Federal ve bölge istinaf mahkemelerinde, Türkiye’ye ait kamu kuruluşu olduğu için Egemen Yabancı Devlet Dokunulmazlığı Yasası’na (FSIA) göre ABD’de bir ceza mahkemesinde yargılanamayacağını iddia eden Halkbank’la ilgili temyiz başvurusu duruşması, bugün başkent Washington'da Anayasa Mahkemesi’nde yapılacak.
Halkbank ve ABD Adalet Bakanlığı'na bağlı başsavcılık bürosu şimdiye kadar yazılı yöntemle mahkemeye sundukları savunma ve iddialarını bugün yapılacak duruşmada sözlü olarak mahkeme heyetine anlatacak.

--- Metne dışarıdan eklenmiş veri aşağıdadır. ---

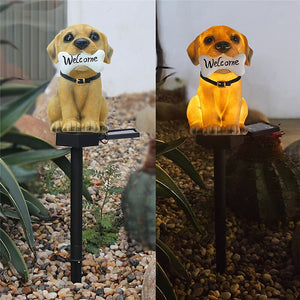 Cute Dog Resin Solar Yard Lights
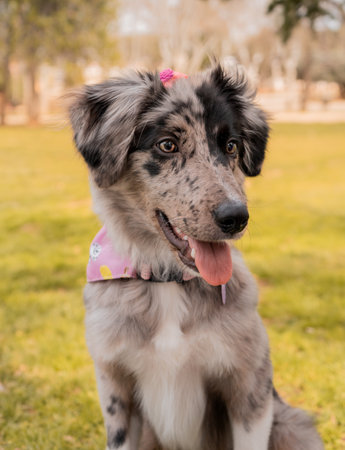 Australian shepherd puppy in a park in Australia. Selective focus.の写真素材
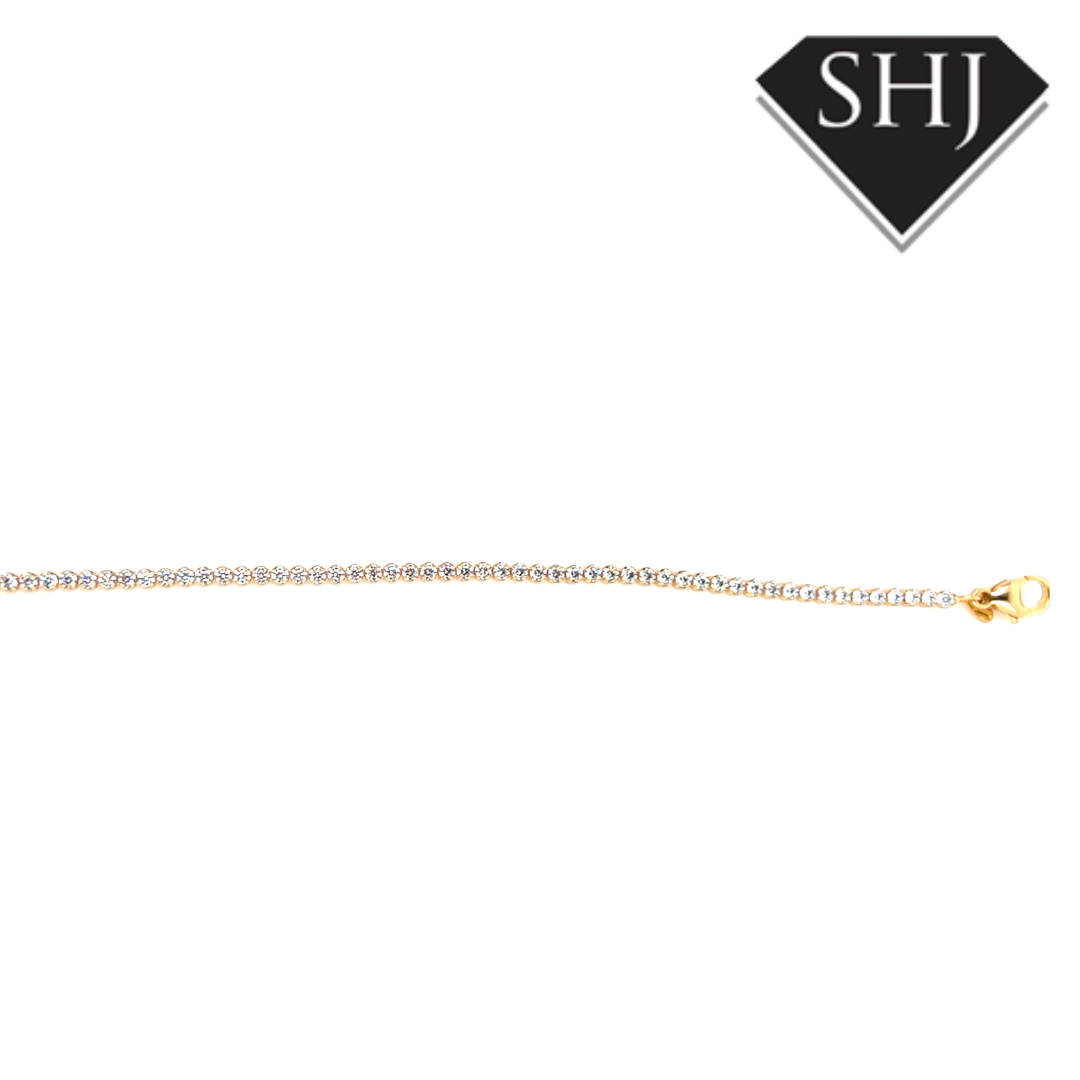 Silver Gold Plated CZ Bracelet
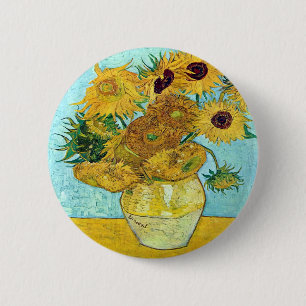 Vase With Twelve Sunflowers By Vincent Van Gogh 6 Cm Round Badge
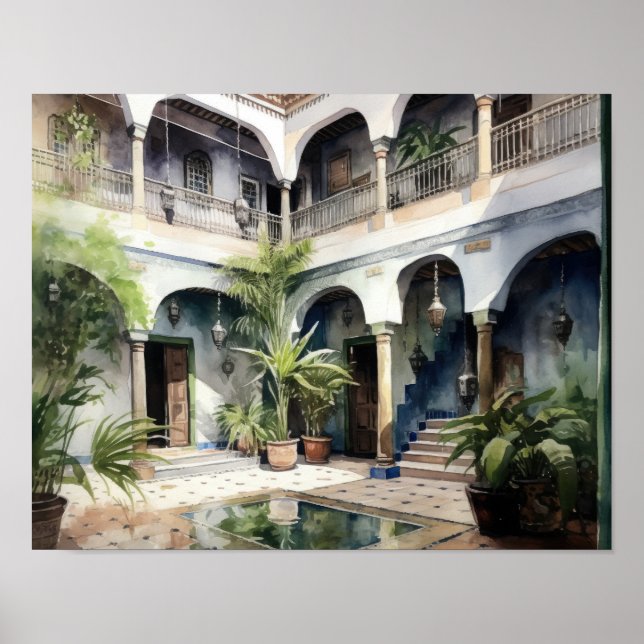 Marrakech Riad Marokko Malerei Art Print Poster (Vorne)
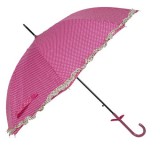 Clayre & EEf Esernyő rózsaszín, fehér pöttyös, 90cm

Halkbank’ın savunma avukatları ve savcılık en fazla 30 dakikada iddia ve savunmalarını sunduktan sonra, mahkeme heyetinin sorularını da yanıtlayacak.
Kararın ne zaman açıklanacağı konusunda ise yetki tamamen Anayasa Mahkemesi’ne bağlı. Bazı hukukçular gerekçeli kararın birkaç ay içinde açıklanabileceğini belirtse de bazı hukukçulara göre açıklama 2023 yılı sonuna sarkabilir.
“Yasalarda engel olmasa da kararın bugün açıklanması zor”
Rıza Sarraf davasında yargılanan eski genel müdür yardımcısı Hakan Atilla’nın savunma ekibinde yer alması için Halkbank tarafından Türkiye’den ABD’ye gönderilen Avukat Halil Uzun, federal, temyiz ve yüksek mahkeme sürecini en yakından izleyen hukukçulardan biri.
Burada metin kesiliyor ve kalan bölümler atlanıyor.